Maidstone Market Wins Ninth Title, Ruggers Honor Miller and Lock

Maidstone Market, the Yankees, as it were, of soccer here, won their ninth championship in Herrick Park’s 7-on-7 league
Maidstone Market after the team’s 7-on-7 league victory over Tortorella Pools at Herrick Park on Dec. 3. Leslie Czeladko

    Connor Miller and James Lock shared the Montauk Rugby Club’s player of the year award at the club’s holiday dinner at Page at 63 Main restaurant in Sag Harbor on Friday.
    Miller, a 23-year-old inside center who was a wrestler in high school and college, and the English-born Lock, who is in his early 30s, were key factors in the Sharks’ 6-1 fall season, a finish that resulted in their receiving a bye in the first round of this coming spring’s regional playoffs.

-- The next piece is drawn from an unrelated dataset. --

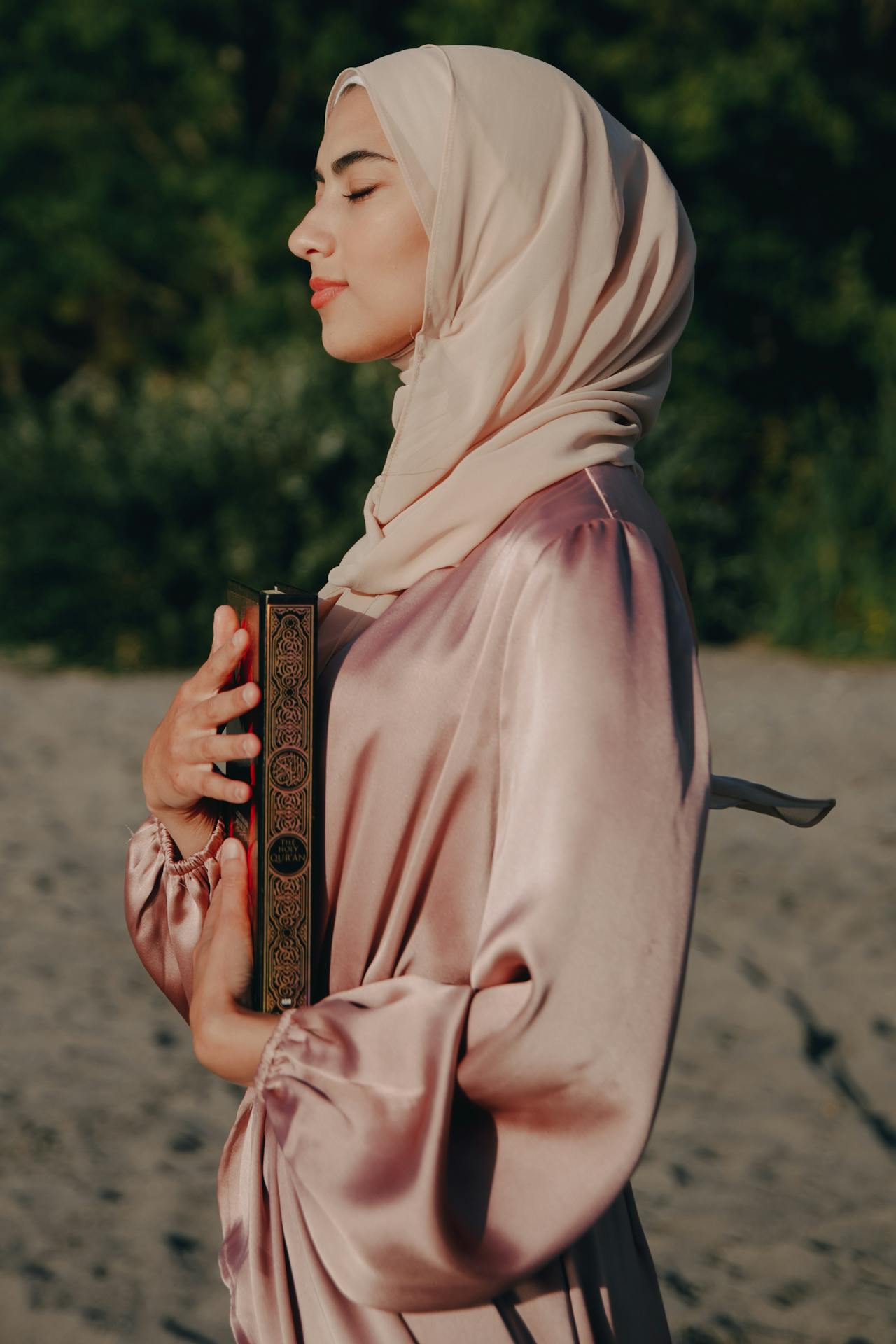 muslim woman holding quran on the beach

    Meanwhile, in other men’s sports news this week, Maidstone Market, the Yankees, as it were, of soccer here, won their ninth championship in Herrick Park’s 7-on-7 league, besting Tortorella Pools 2-1 in the final on Dec. 3.
    Leslie Czeladko, the league’s spokesman and Tortorella’s manager, said that Tortorella had made a game of it despite the fact that one of its scoring threats, Jose Almonsa, arrived late, and that another, David Rodriguez, was hobbled by an ankle injury.

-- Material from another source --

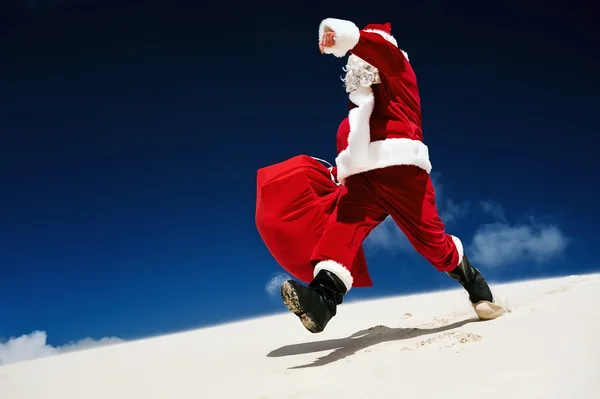 Noel Baba kumsalda yürürken — Stok fotoğraf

    Craig Caiazca, Tortorella’s goalie, kept his team in the game in the early going, parrying several serious Maidstone shots.
    Midway through the first half, John Romero slipped by a defender, Steven Orrego, who had fallen down, and blasted a shot by Caiazca from about 10 yards out. What proved to be the game-winner came just before the halftime break as Hector Marles slid in at the left post to convert a pass from Antonio Padilla.

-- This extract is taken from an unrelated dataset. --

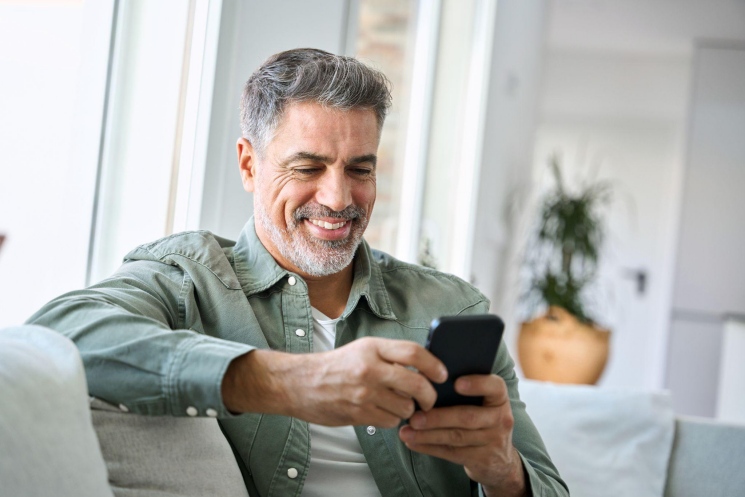 Smiling middle-aged man using a smartphone while sitting on a couch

    Though trailing 2-0, Tortorella, according to Czeladko, played very well in the second half. Oscar Reinoso made it 2-1 with about 15 minutes to play when, after Almonsa had received a pass from Danny Salazar and had kicked the ball by the onrushing Maidstone goalie, Alex Meza, he slid in for the kill at the far post.
    Tortorella played the last 12 or so minutes a man-up — the result of Gerber Garcia’s ejection after tripping Rodolfo Marin — though the perennial champions’ defense held.
    Czeladko said afterward that it was the fifth time Maidstone and Tortorella had met in the championship match.
    Teams got together by John Romero Sr., Maidstone’s manager, and by Duvan Castro are playing in an indoor league this winter at the Southampton Recreation Center. Indoor 7-on-7 leagues at the Sportime arena in Amagansett are to begin this week.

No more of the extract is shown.